** MATERIALS PROVIDED follows **

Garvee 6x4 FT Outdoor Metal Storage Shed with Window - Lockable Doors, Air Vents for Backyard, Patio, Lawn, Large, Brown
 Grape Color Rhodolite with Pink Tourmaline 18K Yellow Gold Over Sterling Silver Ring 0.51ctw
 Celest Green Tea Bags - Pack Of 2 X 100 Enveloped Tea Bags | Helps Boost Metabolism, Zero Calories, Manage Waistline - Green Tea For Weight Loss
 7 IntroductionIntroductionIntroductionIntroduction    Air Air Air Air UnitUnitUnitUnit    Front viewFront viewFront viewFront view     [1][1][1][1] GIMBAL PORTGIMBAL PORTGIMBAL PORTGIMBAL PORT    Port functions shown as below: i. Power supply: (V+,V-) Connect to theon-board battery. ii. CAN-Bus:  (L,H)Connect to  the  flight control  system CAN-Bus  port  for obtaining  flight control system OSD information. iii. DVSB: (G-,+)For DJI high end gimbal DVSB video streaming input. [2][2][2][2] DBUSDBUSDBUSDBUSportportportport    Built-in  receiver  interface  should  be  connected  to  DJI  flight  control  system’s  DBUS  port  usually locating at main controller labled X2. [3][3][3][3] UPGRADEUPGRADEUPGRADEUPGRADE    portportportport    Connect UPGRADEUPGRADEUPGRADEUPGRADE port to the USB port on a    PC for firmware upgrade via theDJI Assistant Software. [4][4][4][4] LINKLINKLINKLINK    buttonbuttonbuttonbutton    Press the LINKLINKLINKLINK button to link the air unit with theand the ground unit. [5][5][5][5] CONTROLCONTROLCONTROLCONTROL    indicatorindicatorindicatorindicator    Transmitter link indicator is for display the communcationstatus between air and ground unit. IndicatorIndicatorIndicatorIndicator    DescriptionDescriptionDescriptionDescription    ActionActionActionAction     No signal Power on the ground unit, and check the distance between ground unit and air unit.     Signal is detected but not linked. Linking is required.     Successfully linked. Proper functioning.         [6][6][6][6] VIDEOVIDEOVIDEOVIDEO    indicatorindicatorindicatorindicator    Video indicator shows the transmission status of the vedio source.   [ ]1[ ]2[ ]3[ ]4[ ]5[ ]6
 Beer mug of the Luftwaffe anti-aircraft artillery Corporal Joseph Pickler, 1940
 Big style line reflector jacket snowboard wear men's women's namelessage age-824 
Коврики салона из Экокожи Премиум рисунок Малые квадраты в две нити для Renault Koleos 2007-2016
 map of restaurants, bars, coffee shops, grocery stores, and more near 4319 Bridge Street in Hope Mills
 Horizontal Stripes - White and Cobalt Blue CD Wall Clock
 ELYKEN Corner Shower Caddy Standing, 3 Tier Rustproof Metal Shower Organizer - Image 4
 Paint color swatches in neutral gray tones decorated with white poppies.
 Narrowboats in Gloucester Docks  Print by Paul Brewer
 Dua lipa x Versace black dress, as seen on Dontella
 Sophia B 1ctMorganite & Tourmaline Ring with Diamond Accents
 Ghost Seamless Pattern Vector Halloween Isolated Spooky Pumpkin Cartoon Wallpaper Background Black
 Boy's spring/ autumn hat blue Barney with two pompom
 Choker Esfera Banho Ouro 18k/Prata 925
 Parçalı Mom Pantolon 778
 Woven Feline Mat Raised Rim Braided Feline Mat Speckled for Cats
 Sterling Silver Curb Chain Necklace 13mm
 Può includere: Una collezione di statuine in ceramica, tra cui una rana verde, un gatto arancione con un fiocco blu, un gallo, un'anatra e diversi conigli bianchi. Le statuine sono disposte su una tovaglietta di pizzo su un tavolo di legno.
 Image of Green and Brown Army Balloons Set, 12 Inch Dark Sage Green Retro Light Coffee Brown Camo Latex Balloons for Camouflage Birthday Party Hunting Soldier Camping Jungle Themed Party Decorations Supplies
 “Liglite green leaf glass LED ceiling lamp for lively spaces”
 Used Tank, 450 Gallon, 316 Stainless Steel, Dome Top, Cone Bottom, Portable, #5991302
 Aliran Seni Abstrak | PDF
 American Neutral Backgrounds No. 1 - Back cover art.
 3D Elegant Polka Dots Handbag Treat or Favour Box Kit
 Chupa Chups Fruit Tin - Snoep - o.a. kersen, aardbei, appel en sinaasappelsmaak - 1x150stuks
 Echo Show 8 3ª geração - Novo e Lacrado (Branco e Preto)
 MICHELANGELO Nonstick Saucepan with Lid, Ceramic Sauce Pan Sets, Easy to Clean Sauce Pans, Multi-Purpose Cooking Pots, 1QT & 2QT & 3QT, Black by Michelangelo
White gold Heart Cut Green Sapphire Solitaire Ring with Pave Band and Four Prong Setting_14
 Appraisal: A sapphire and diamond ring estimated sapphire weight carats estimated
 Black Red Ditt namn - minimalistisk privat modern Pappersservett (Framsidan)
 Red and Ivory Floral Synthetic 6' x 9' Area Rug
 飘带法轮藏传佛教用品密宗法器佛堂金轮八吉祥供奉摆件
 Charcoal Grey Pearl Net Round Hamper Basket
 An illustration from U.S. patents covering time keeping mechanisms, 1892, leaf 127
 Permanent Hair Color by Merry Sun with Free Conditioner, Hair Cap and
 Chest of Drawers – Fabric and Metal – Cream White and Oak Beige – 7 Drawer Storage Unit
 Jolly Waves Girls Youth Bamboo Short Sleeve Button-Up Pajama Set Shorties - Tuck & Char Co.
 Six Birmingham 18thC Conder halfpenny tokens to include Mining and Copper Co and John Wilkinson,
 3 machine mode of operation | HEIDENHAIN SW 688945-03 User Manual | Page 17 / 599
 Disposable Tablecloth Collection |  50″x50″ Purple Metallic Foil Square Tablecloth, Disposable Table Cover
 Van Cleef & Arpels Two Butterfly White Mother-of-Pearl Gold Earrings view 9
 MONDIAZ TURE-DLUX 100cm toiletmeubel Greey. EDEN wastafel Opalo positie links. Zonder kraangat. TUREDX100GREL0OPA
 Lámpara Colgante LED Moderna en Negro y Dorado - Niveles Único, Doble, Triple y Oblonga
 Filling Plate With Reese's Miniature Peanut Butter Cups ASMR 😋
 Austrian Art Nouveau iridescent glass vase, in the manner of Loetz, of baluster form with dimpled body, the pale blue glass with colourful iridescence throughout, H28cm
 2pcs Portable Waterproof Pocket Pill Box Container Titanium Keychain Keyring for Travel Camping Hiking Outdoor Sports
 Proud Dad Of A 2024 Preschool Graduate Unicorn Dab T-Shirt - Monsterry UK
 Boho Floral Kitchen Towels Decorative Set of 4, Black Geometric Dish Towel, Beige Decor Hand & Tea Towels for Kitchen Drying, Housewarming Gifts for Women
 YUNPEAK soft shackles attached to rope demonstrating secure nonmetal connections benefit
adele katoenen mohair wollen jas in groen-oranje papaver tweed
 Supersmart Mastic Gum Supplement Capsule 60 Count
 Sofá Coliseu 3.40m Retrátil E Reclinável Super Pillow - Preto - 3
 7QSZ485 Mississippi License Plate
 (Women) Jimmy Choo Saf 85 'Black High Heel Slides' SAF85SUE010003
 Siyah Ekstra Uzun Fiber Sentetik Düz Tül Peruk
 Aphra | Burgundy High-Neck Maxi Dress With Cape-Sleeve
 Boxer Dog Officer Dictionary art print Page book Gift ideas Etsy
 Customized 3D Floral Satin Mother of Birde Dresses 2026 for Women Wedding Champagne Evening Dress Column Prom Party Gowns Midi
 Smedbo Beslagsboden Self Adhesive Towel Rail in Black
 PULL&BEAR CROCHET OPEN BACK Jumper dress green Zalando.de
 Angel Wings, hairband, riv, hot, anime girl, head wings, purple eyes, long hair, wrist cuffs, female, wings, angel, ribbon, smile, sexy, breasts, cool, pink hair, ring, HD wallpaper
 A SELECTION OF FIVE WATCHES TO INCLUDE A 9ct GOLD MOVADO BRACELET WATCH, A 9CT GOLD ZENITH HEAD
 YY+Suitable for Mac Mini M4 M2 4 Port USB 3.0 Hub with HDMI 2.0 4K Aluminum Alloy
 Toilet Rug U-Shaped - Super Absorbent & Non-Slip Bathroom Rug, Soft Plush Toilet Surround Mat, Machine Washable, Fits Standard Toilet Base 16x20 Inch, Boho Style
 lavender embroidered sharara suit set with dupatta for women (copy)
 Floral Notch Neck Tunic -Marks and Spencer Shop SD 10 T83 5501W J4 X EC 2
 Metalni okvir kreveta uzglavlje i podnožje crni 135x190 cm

** End of MATERIALS PROVIDED **

▶ _WHAT THIS TASK INVOLVES_: Copy exactly, please, the span of lines that begins at the line with "Siyah Ekstra Uzun" and ends at the last line of the data, both included.

▶ _COMPLETED EXERCISE_:
 Siyah Ekstra Uzun Fiber Sentetik Düz Tül Peruk
 Aphra | Burgundy High-Neck Maxi Dress With Cape-Sleeve
 Boxer Dog Officer Dictionary art print Page book Gift ideas Etsy
 Customized 3D Floral Satin Mother of Birde Dresses 2026 for Women Wedding Champagne Evening Dress Column Prom Party Gowns Midi
 Smedbo Beslagsboden Self Adhesive Towel Rail in Black
 PULL&BEAR CROCHET OPEN BACK Jumper dress green Zalando.de
 Angel Wings, hairband, riv, hot, anime girl, head wings, purple eyes, long hair, wrist cuffs, female, wings, angel, ribbon, smile, sexy, breasts, cool, pink hair, ring, HD wallpaper
 A SELECTION OF FIVE WATCHES TO INCLUDE A 9ct GOLD MOVADO BRACELET WATCH, A 9CT GOLD ZENITH HEAD
 YY+Suitable for Mac Mini M4 M2 4 Port USB 3.0 Hub with HDMI 2.0 4K Aluminum Alloy
 Toilet Rug U-Shaped - Super Absorbent & Non-Slip Bathroom Rug, Soft Plush Toilet Surround Mat, Machine Washable, Fits Standard Toilet Base 16x20 Inch, Boho Style
 lavender embroidered sharara suit set with dupatta for women (copy)
 Floral Notch Neck Tunic -Marks and Spencer Shop SD 10 T83 5501W J4 X EC 2
 Metalni okvir kreveta uzglavlje i podnožje crni 135x190 cm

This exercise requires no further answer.